--- Record set ---
* * * * * * *
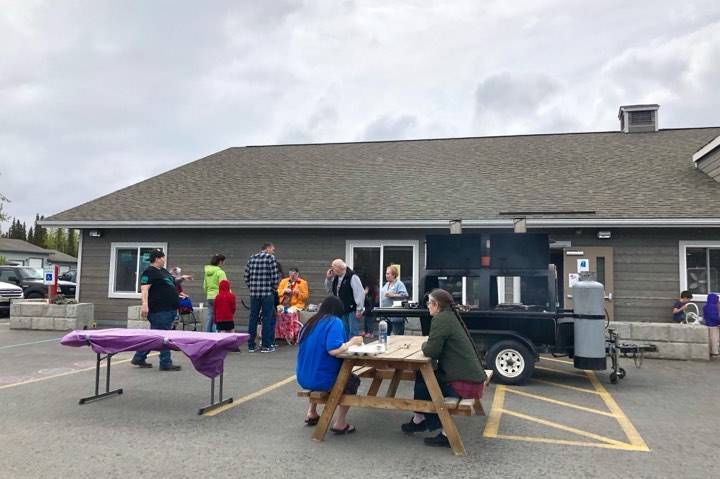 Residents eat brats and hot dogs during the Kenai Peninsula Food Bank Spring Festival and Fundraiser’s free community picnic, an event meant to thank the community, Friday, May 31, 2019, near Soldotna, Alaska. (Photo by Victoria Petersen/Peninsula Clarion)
* * * * * * *
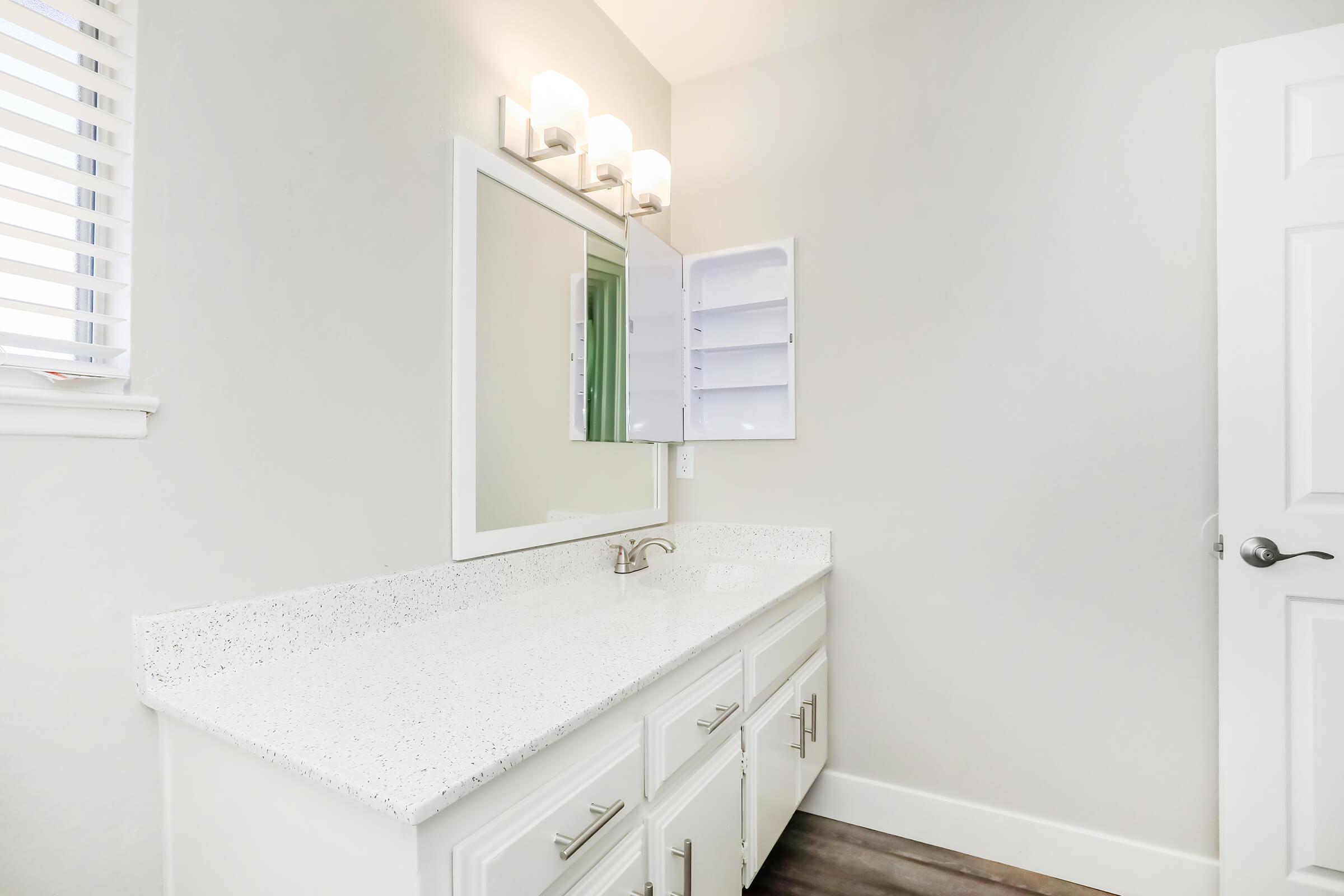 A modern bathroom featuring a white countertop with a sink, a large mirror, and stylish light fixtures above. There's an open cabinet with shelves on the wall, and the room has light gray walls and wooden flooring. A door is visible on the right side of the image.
* * * * * * *
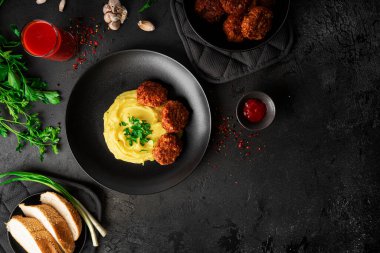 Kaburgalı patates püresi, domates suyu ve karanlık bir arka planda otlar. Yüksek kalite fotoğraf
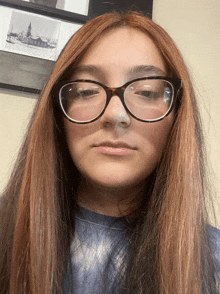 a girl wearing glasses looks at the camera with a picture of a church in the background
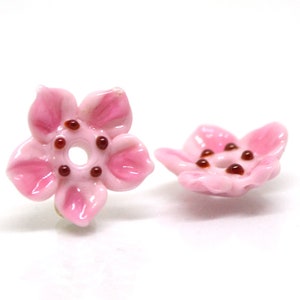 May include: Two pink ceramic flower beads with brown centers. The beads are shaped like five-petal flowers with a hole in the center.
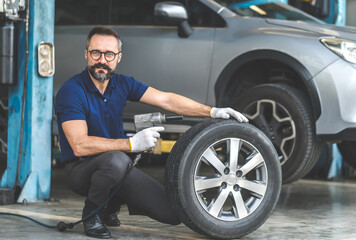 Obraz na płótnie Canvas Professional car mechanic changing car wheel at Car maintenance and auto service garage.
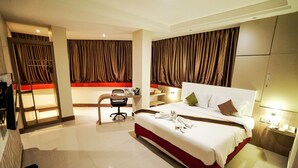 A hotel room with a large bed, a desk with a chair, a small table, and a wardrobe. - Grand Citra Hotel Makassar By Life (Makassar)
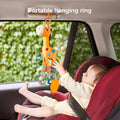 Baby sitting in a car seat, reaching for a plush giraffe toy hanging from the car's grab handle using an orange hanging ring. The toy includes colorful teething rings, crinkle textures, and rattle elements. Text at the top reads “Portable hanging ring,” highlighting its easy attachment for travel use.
* * * * * * *
Repeat, without pictures, exactly the lines of the data above from the one containing "A hotel room" through the one containing "Baby sitting in", including both and adding nothing.

 A hotel room with a large bed, a desk with a chair, a small table, and a wardrobe. - Grand Citra Hotel Makassar By Life (Makassar)
 Baby sitting in a car seat, reaching for a plush giraffe toy hanging from the car's grab handle using an orange hanging ring. The toy includes colorful teething rings, crinkle textures, and rattle elements. Text at the top reads “Portable hanging ring,” highlighting its easy attachment for travel use.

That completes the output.